§ **Your assignment**
Reproduce all of the data below without alteration; exclude every picture.

§ **Provided material**
=== Section Start ===

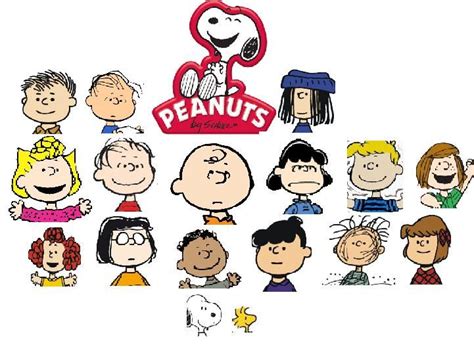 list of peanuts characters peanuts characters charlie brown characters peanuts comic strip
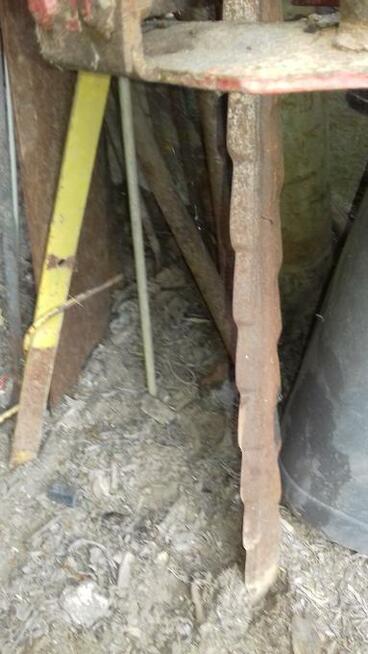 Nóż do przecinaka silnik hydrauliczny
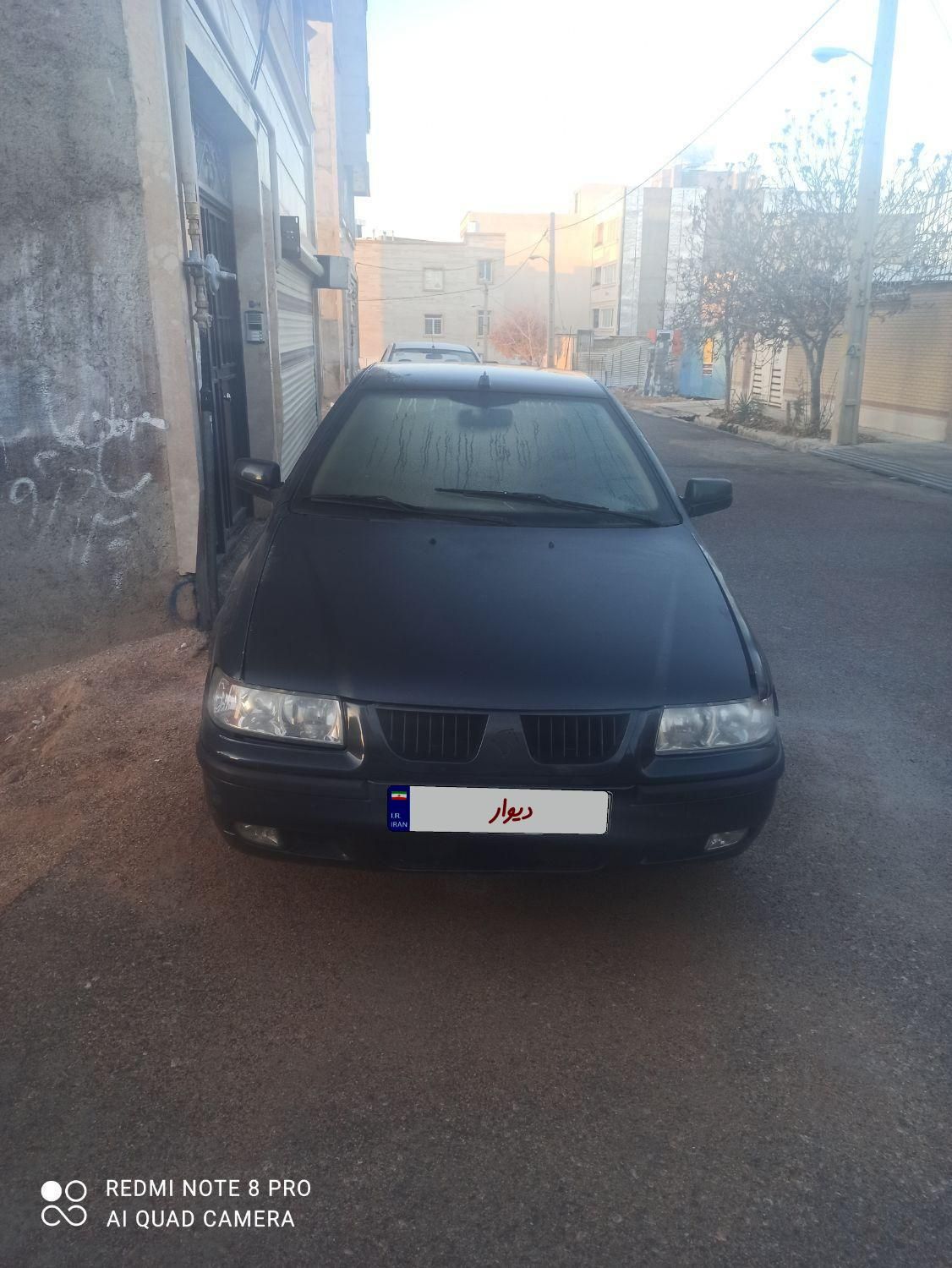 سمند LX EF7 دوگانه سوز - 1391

=== Section End ===

§ **Answer to the exercise**
 list of peanuts characters peanuts characters charlie brown characters peanuts comic strip
 Nóż do przecinaka silnik hydrauliczny
 سمند LX EF7 دوگانه سوز - 1391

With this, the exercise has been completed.